Do you ever dread making phone calls regarding your HVAC system (by the way HVAC stands for Heating, Ventilating and Air Conditioning) because you don’t know the terminology? Knowing a few terms can help clear up a lot of confusion when discussing repairs or when purchasing a new system.
Below are some terms that are helpful for homeowners to know:
- BTUh. British thermal units per hour. 12,000 BTUh equals one ton of cooling.
- Compressor. The pump that moves the refrigerant from the indoor evaporator to the outdoor condenser and back to the evaporator again. The compressor is often called “the heart of the system” because it circulates the refrigerant through the loop.
- Condenser Fan. The fan that distributes air over the air-cooled condenser.
- Condenser coil (or outdoor coil). A series or network of tubes filled with refrigerant, normally located outside the home that removes heat from the hot, gaseous refrigerant so that the refrigerant becomes liquid again.
- Evaporator Coil (or Indoor Coil). The other half of an air conditioning system, this network of tubes filled with refrigerant, which is located inside the home within the indoor unit, takes heat and moisture out of indoor air as liquid refrigerant evaporates.
- HVAC. Heating, Ventilating, and Air Conditioning.
- HVAC/R. Heating, Ventilating, Air Conditioning and Refrigeration.
- MERV. Abbreviation for Minimum Efficiency Reporting Value. The MERV rating is the standard method for comparing the efficiency of an air filter. The higher the MERV rating, the better the filter is at removing particles from the air. The MERV scale ranges from 1 (least efficient) to 16 (most efficient), and measures a filter's ability to remove particles from 3 to 10 microns in size. Filters with higher ratings not only remove more particles from the air, they also remove smaller particles.
- NATE. Stands for North American Technician Excellence. NATE-certified technicians are skilled professionals who have proven their knowledge in the HVAC/R industry by passing specialized NATE certification tests. NATE’s certification tests represent real world working knowledge of HVAC and HVAC/R systems.
- Refrigerant. A chemical (working fluid) used in air conditioners, heat pumps and refrigerators to transfer heat into or out of an interior space. This fluid boils at a very low temperature enabling it to evaporate and absorb heat.
- Refrigerant Charge. The required amount of refrigerant in a system.
- SEER. Also known as the Seasonal Energy Efficiency Ratio. SEER is a measure of seasonal or annual efficiency of a central air conditioner (or heat pump). It takes into account the variations in temperature that can occur within a season and is the average number of BTU’s of cooling delivered for every watt-hour of electricity used by the air conditioner over a cooling season. The higher the unit's SEER rating the more energy efficient it is.

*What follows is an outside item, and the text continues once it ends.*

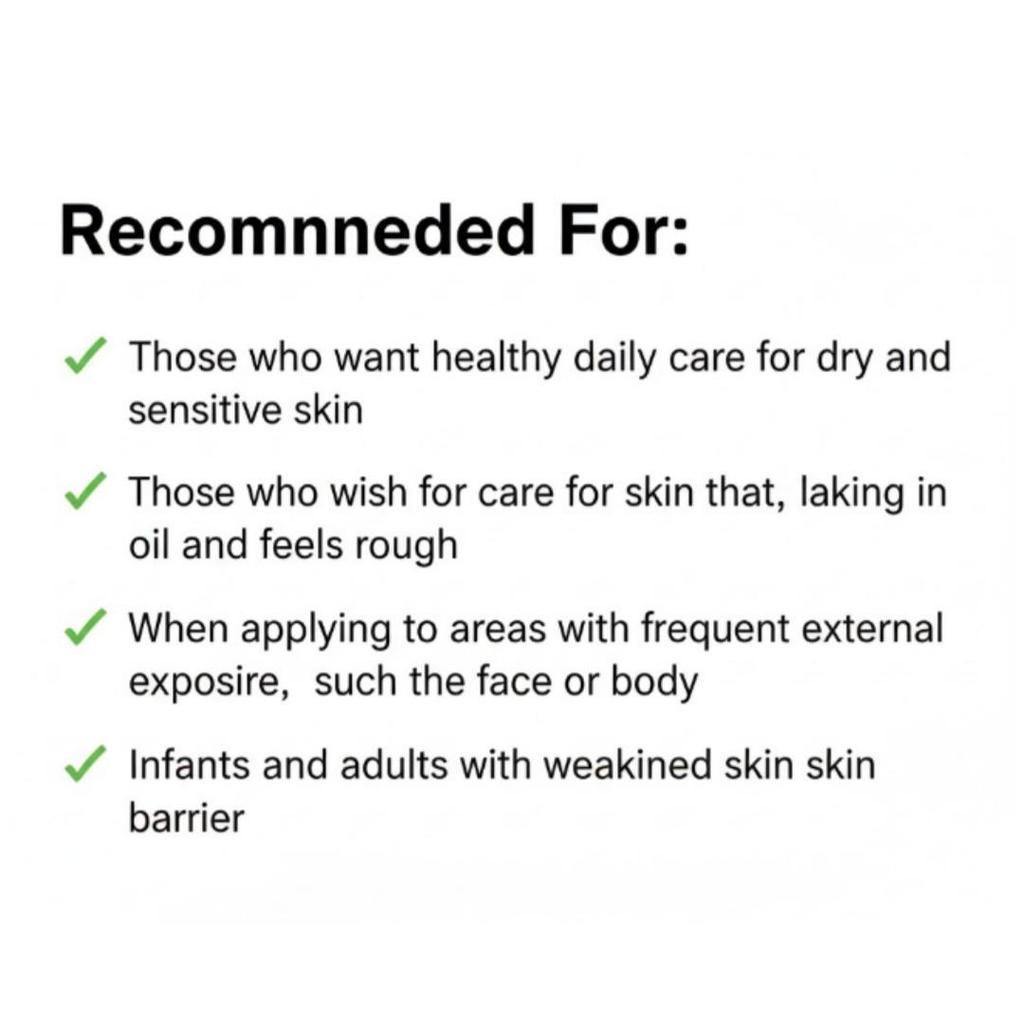 [ZEROID] Intensive Cream 80ml (+25ml)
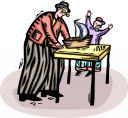 Entertainment Clipart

- Split System. The combination of an outdoor unit (air conditioner or heat pump) with an indoor unit (furnace or air handler). Split systems must be paired for optimal efficiency. This is the most common type of system installed in a home.
- Thermostat. A series of sensors and relays that monitor and control the functions of a heating and cooling system by turning the device on or off when a specified temperature is reached.